▶ **ACTIVITY**:
First find the line with "Stiga VS 100e Akku-Kombi Laubsauger 20 V" in the entries below, then set down exactly every line through the line with "Japan x One", that line included.

═══ SUPPLIED MATERIAL

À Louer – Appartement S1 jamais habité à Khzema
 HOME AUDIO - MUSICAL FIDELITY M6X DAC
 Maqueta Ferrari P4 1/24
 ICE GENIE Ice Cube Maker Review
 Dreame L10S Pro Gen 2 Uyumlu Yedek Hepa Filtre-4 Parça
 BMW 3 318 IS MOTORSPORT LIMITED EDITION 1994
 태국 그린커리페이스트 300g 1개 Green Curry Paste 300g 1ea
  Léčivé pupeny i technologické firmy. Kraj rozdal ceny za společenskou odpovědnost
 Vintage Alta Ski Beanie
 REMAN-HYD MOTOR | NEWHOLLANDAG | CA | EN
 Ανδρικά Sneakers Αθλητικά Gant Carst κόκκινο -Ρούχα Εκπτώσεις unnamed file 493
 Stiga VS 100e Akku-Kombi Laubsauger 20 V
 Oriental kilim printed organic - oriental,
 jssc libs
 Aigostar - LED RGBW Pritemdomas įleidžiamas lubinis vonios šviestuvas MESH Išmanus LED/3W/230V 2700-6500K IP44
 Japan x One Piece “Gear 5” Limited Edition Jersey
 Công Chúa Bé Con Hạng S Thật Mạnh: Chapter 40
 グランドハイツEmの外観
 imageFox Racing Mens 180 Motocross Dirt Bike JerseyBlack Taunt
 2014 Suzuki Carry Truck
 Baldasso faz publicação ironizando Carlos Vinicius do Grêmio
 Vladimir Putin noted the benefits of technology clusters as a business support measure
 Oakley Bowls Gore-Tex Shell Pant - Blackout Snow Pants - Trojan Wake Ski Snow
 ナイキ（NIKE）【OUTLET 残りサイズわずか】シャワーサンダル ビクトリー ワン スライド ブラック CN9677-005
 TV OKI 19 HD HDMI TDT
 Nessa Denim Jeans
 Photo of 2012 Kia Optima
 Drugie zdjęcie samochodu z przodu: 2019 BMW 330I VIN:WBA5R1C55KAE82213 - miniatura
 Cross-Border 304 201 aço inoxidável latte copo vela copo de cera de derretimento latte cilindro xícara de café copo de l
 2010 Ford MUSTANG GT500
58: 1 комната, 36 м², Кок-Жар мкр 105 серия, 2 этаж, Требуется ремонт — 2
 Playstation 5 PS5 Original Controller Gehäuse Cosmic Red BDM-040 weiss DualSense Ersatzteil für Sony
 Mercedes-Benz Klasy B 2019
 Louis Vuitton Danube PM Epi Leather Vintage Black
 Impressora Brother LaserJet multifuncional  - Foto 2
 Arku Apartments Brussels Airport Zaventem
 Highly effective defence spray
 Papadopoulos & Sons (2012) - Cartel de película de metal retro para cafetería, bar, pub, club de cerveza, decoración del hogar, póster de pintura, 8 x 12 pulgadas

══════

▶ **TASK SOLUTION**:
 Stiga VS 100e Akku-Kombi Laubsauger 20 V
 Oriental kilim printed organic - oriental,
 jssc libs
 Aigostar - LED RGBW Pritemdomas įleidžiamas lubinis vonios šviestuvas MESH Išmanus LED/3W/230V 2700-6500K IP44
 Japan x One Piece “Gear 5” Limited Edition Jersey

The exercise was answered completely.